Lessons From the Cuban Missile Crisis

By Rocky Wilson
Author of Sharene:
Death: A Prerequisite For Life

In 1962, the world came the closest it’s ever been to nuclear war. For seven days that October, the Soviet Union, from nuclear missile sites based in Cuba, looked eye-to-eye at U.S. nuclear weapons pointed back at them. Yet, what lessons from the Cuban Missile Crisis have been learned?

First, a brief walkthrough of events leading to the showdown, then a breakdown of those seven days when both U.S. President John F. Kennedy and Soviet Premier Nikita Khrushchev were pressured by respective administrative officials to trigger nuclear weapons, and finally a look at what those days have taught us.

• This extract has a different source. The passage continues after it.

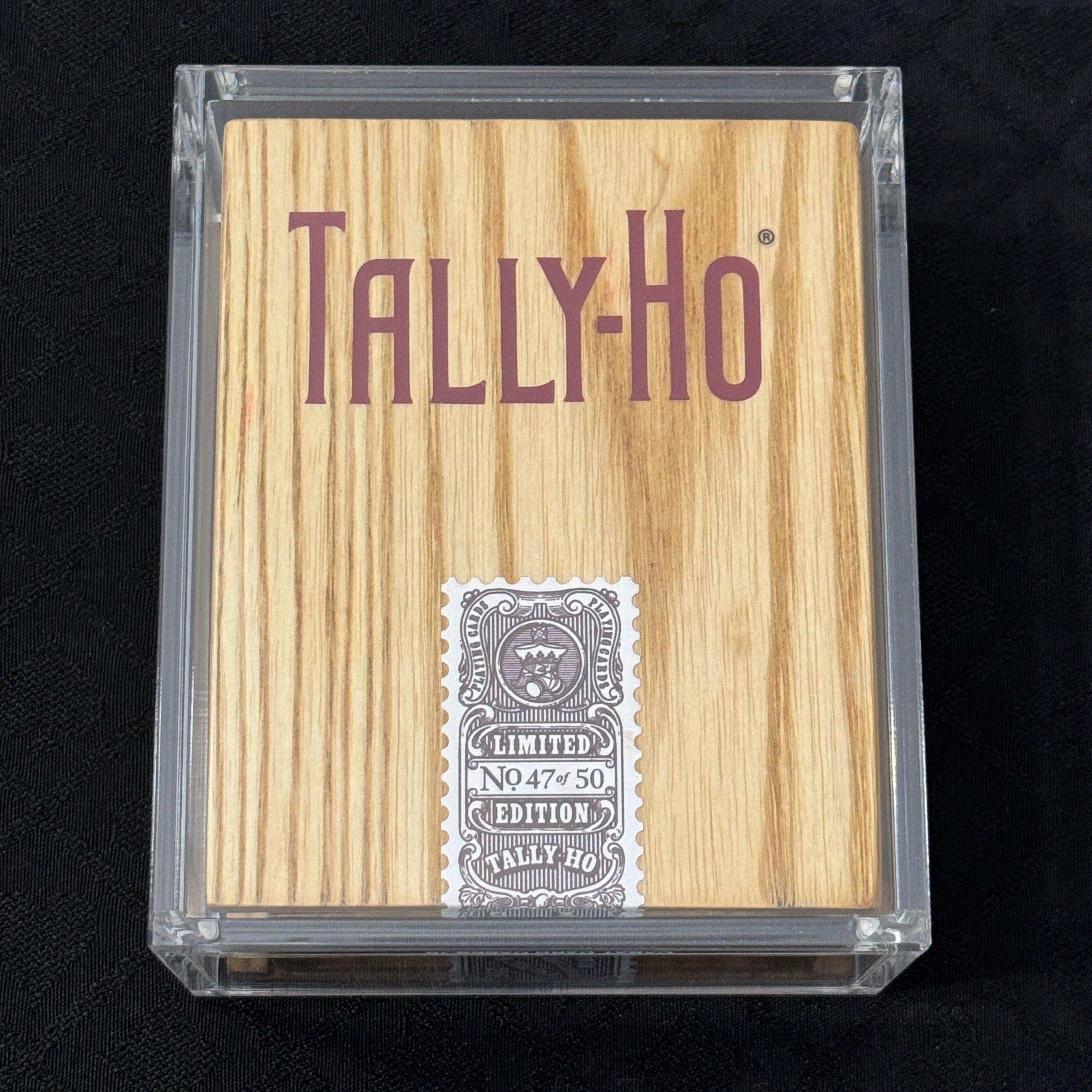 Scarlett Tally-Ho (Legacy Edition, #47/50) [AUCTION]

* 1959, Fidel Castro overthrows previous Cuban dictator, Fulgencio Batista
* 1960, Cuban pilots receive military jet training in Czechoslovakia, a Soviet ally
* October 15, 1962, a U.S. U-2 surveillance plane photographs several Soviet missiles under construction in Cuba

Tensions between the Soviet Union and the U.S. already were high, as witnessed by the Great Berlin Wall erected by the Soviets in August, 1961.

Furthering Soviet worries leading to the crisis was the fact that the U.S. had more missiles than they did, including missiles based 150 miles from her border, in Turkey. Setting up nuclear weapon sites in Cuba, 90 miles from U.S. shores, would neutralize the U.S. military advantage.

The seven days of crisis:

* October 22, President Kennedy, on public television, tells the American public about the situation in Cuba, announcing he will implement a naval blockade to prevent additional weapons being shipped to Cuba.

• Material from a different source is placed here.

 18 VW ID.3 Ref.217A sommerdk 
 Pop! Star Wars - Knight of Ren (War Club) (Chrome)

* October 23, The Organization of American States unanimously supports the U.S. decision to quarantine Cuba.

* October 24, Armed Soviet ships en route to Cuba, on orders from Khrushchev, stop short of the blockade.

* October 25, U.S. has nuclear weapons and bombers readied to attack Cuba or the Soviet Union.

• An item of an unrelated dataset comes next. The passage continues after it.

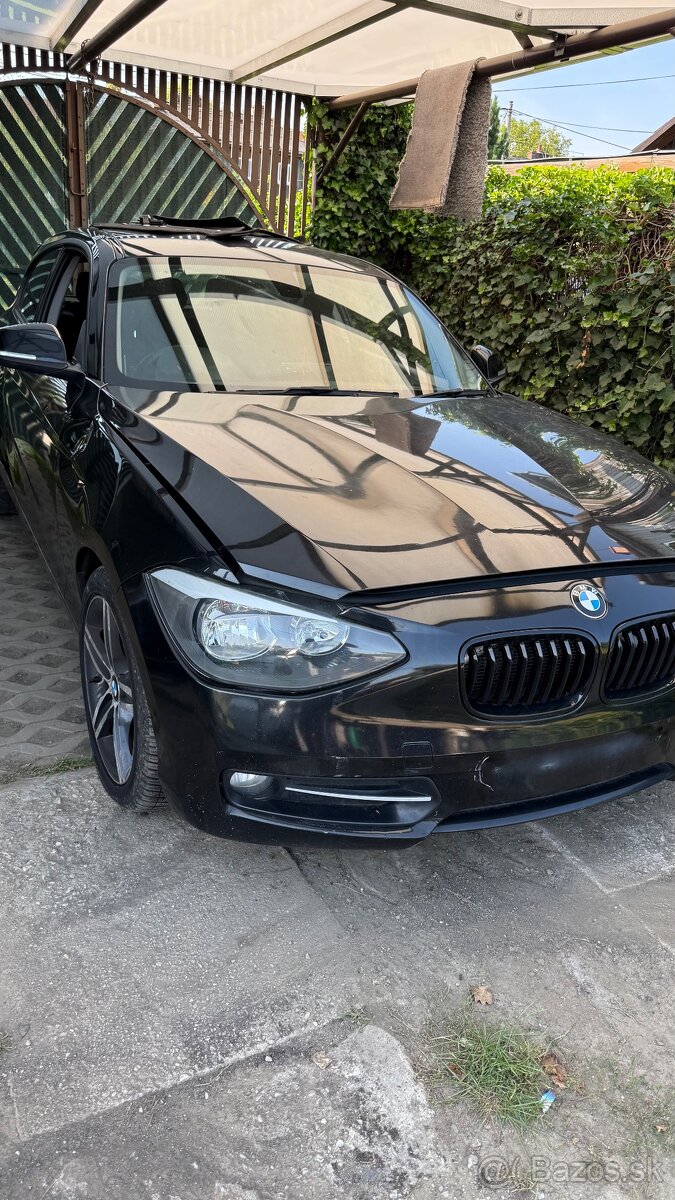 Bmw f20 nahradné diely f20 135 kw - 5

* October 26, Khrushchev informs Kennedy in a letter that Soviets would remove their missiles in Cuba if Kennedy publicly guarantees U.S. will never invade Cuba.

* October 27, U.S. U-2 surveillance plane inadvertently flies from Alaska into Soviet air space, causing both superpowers to react with fighter planes carrying nuclear-tipped missiles that never meet; and a U-2 plane is shot down over Cuba. In a second letter, Khrushchev repeats the contents of his Oct. 26 letter, and also demands the U.S. remove its missiles from Turkey.

* October 28, Khrushchev backs down, and orders the dismantling of Soviet nuclear missiles in Cuba.

History later recorded the U.S. intelligence community had greatly underestimated the number of Soviet and Cuban soldiers prepared to fight to the death in the event of a U.S. invasion of the island, which most U.S. military advisor's had urged Kennedy to proceed with.

Lessons from the Cuban Missile Crisis resulted in a quick response to a huge threat to the safety of mankind. Within nine months of the conclusion of the crisis, the U.S. and Soviet Union agreed to ban nuclear testing in the atmosphere.